Jonathan is an accomplished trial attorney who represents individuals and businesses in government enforcement actions, congressional inquiries, internal investigations and with compliance advice.

Jonathan has specialized expertise in white collar matters with extensive experience in Bank Secrecy Act, FCPA, and financial fraud investigations. Jonathan is regularly called upon to lead representations in high profile and high stakes settings and has the rare distinction of successfully first chairing both an Enron case and an FCPA case at trial.  

Jonathan comes to Orrick after having spent over 11 years at the Department of Justice serving in a number of capacities including as an inaugural Deputy Chief of DOJ's Money Laundering & Bank Integrity Unit, a Senior Trial Attorney in DOJ's Criminal Fraud Section, an attorney adviser in the Office of Legislative Affairs and as an Assistant United States Attorney in Miami, Florida.   

Jonathan has a deep understanding of how the Department of Justice operates internally and externally, in particular with other federal agencies such as the SEC, Treasury/FinCEN and the State Department, as well as with state and international law enforcement.  

As a result of Jonathan’s wide range of government and private practice experience, Jonathan brings a unique and well-rounded perspective with which to assist clients. He is regularly asked to speak at national conferences on anti-corruption, anti-money laundering, personal liability, and responding to DOJ investigations. 

Jonathan graduated from Georgetown University Law Center and received his undergraduate degree from UCLA. Jonathan is currently an adjunct professor at Georgetown University Law Center where he teaches a class on Federal Criminal Trial Strategy.

  • Significant Recent Matters:

    • United States v. Mikerin, District of Maryland.  Represent a Russian foreign official against federal extortion and money laundering allegations. 
    • Represent a non-profit agency in connection with several Congressional investigations.

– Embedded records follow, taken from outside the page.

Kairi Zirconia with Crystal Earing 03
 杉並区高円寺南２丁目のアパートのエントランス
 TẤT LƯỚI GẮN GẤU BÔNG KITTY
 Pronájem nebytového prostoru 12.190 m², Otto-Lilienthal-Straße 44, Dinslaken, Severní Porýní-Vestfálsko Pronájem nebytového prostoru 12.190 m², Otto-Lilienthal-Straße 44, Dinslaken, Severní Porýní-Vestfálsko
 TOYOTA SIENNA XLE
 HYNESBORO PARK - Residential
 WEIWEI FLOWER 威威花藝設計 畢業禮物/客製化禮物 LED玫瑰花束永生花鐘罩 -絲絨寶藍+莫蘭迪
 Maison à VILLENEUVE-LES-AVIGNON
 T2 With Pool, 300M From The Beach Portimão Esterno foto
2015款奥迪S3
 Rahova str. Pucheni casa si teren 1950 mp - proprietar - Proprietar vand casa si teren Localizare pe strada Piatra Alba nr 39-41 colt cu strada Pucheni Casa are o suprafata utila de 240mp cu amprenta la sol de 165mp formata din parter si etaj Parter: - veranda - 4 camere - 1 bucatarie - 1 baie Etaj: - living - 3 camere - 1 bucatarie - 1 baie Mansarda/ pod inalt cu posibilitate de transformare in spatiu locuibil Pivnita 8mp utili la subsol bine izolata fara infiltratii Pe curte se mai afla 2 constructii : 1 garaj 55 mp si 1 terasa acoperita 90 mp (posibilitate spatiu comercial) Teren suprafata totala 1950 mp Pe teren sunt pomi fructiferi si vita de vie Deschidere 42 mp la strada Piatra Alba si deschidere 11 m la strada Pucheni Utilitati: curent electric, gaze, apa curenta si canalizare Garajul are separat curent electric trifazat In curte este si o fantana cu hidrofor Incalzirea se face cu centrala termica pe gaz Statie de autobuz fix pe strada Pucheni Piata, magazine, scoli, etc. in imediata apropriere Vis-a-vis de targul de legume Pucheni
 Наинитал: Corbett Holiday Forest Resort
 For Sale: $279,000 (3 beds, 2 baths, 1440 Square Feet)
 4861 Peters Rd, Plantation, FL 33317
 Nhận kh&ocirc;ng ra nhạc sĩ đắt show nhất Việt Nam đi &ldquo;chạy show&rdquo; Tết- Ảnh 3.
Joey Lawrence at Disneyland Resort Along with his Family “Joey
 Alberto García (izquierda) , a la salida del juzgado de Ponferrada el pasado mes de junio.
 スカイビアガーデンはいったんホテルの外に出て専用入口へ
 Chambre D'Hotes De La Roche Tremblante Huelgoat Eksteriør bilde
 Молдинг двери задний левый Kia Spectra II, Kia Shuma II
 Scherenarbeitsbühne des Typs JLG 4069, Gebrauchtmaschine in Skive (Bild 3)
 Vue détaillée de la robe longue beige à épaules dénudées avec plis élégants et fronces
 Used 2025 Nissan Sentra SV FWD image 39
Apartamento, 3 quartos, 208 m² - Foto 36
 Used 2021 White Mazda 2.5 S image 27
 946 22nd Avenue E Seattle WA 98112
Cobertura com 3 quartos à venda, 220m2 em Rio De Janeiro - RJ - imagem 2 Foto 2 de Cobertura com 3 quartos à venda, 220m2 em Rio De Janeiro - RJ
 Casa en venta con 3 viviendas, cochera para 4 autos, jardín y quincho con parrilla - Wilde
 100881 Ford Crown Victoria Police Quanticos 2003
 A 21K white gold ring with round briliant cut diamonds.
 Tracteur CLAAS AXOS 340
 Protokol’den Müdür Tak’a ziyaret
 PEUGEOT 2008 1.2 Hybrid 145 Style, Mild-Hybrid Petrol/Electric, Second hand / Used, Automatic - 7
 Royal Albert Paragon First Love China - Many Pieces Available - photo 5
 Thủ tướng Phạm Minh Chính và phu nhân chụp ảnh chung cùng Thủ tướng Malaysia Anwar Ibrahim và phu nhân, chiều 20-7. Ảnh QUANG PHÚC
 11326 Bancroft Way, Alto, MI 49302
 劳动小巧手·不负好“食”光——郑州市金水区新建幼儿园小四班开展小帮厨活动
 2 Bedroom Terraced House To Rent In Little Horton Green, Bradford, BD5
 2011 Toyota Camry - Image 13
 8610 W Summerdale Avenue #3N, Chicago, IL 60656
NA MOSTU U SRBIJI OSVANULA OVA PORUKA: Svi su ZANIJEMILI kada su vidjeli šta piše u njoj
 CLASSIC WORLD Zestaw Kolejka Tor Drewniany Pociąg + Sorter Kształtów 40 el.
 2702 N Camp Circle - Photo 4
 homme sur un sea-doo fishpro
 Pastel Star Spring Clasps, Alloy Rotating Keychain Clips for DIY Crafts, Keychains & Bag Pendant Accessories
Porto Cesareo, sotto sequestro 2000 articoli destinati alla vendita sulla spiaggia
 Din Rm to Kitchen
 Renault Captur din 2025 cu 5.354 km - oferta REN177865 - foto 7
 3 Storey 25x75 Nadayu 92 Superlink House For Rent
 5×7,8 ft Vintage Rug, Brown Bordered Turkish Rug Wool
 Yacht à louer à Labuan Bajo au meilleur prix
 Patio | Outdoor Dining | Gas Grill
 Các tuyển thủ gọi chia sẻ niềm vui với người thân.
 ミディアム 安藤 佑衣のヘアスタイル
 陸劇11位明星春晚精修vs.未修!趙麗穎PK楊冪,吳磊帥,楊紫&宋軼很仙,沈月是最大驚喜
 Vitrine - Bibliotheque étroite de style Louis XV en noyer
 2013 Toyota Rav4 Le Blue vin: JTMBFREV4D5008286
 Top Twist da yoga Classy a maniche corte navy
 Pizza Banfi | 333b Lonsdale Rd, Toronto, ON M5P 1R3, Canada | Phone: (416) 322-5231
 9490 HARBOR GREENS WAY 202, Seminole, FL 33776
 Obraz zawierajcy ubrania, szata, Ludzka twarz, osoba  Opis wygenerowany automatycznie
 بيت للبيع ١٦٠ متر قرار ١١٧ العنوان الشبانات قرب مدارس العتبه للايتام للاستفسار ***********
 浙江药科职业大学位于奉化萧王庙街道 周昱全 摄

    • Represent a casino in connection with a Department of Treasury anti-money laundering investigation.

    • Conduct numerous internal investigations involving a wide-range of allegations including, accounting fraud, visa fraud, corporate theft and self-dealing, and corruption.

    • Provide general FCPA, Bank Secrecy Act, and anti-money laundering compliance and pre-transaction diligence advice.

    • Advise numerous clients on the intersection of federal and state law relating to marijuana and banking.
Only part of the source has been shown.